Intervention de Michèle André

Réunion du 16 octobre 2012 à 14h30
Avenant à une convention fiscale avec les philippines — Adoption en procédure accélérée d'un projet de loi dans le texte de la commission

Photo de Michèle AndréMichèle André, rapporteur :

Certains de nos collègues émettront sans doute des réserves quant à l’approbation de l’avenant franco-philippin.

Cependant, la meilleure façon de prédire l’avenir de la coopération fiscale franco-philippine, c’est encore de le créer, en prévoyant les conditions nécessaires à la mise en œuvre de celle-ci. Tel est l’objet du présent projet de loi.

En effet, une chose est certaine : si nous n’approuvions pas l’avenant à la convention fiscale franco-philippine, la coopération entre les deux pays demeurerait lettre morte, car cela reviendrait à permettre aux Philippines de ne pas pratiquer l’échange de renseignements, en invoquant le secret bancaire.

Tel est l’enjeu de ce texte. Les Philippines n’ont aujourd’hui aucune obligation de répondre à une demande française de communication de renseignements détenus par un établissement financier.

Les stipulations de la convention fiscale de 1995 sont obsolètes. Le secrétariat de la commission des finances a interrogé le bureau du contrôle fiscal de la direction de la législation fiscale du ministère de l’économie et des finances, qui a confirmé que, en l’état actuel des choses, aucune coopération fiscale n’était possible. Seule la modification de la convention permettra d’imposer aux autorités philippines de transmettre de telles informations.

C’est pourquoi l’avenant actualise la convention en y intégrant les dernières normes de l’OCDE de 2005 en matière de transparence, c’est-à-dire la levée du secret bancaire et l’obligation de coopérer, même en l’absence d’intérêt fiscal domestique.

Cette approbation est donc nécessaire. Sera-t-elle suffisante ? Je comprends les réserves qu’Éric Bocquet a émises lors de l’examen du texte en commission : l’approbation de l’avenant intervient dans un difficile contexte de crise, alors que l’évasion fiscale a été dénoncée par la commission d’enquête sénatoriale dont il a été le rapporteur.

C’est pourquoi, face au constat dressé par cette commission, j’ai examiné le cadre financier et juridique philippin.

Disposant d’une supervision prudentielle jugée satisfaisante par les agences de notation, le système bancaire est toutefois caractérisé par la présence des conglomérats, souvent contrôlés par les « grandes familles » sino-philippines ou hispano-philippines.

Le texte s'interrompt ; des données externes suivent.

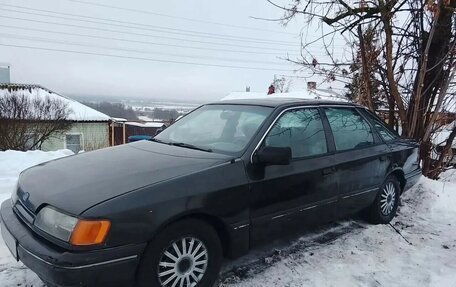 Ford Scorpio II, 1989 год, 125 000 рублей, 1 фотография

Le poids des oligarchies n’est donc pas négligeable.

Néanmoins, aucune banque française n’a de licence aux Philippines, ni n’est actionnaire de banques philippines. Sur les quatre unités bancaires offshore installées dans le pays, deux sont françaises : BNP Paribas et Crédit Agricole. Ce chiffre est à apprécier au regard des vingt-quatre établissements bancaires français présents aux Îles Caïmans et des douze banques françaises implantées aux Bermudes.

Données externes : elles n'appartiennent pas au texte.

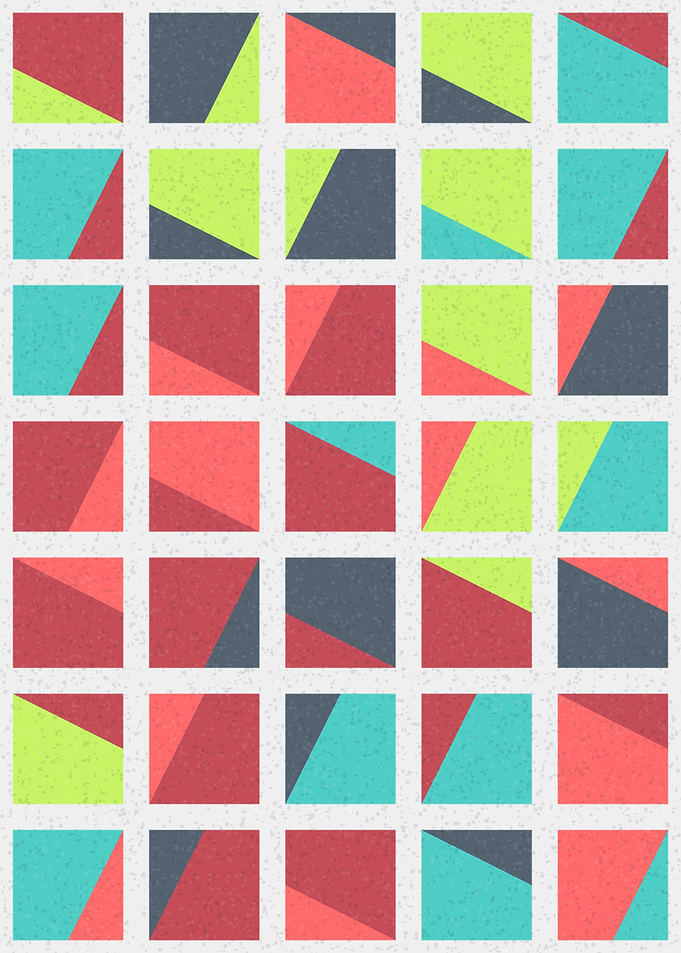 Geometric Pattern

Quant aux entreprises françaises présentes aux Philippines, sur les 180 recensées, on ne compte qu’une trentaine de sociétés importantes, dont Total, Essilor, L’Oréal. Au final, c’est assez modeste.

S’agissant des aspects juridiques, je me suis référée aux travaux du Forum mondial sur la transparence et l’échange de renseignements à des fins fiscales. Cette instance a considéré, en juin 2011, que les Philippines disposaient du cadre normatif nécessaire pour coopérer. Elle a, certes, proposé des voies d’amélioration. Deux d’entre elles ne concernent pas la coopération avec la France, puisqu’elles traitent de la mise à jour du réseau conventionnel. Le présent avenant répond donc aux recommandations du Forum mondial.

Quant aux deux autres recommandations, relatives aux mandataires ainsi qu’aux sociétés immatriculées à l’étranger, le Forum mondial a confirmé auprès de notre secrétariat que, en pratique, la législation en vigueur les concernant ne constitue pas un obstacle à l’échange d’informations.

En résumé, il existe donc deux éléments sur dix pouvant être améliorés, et aucune carence grave n’a été observée.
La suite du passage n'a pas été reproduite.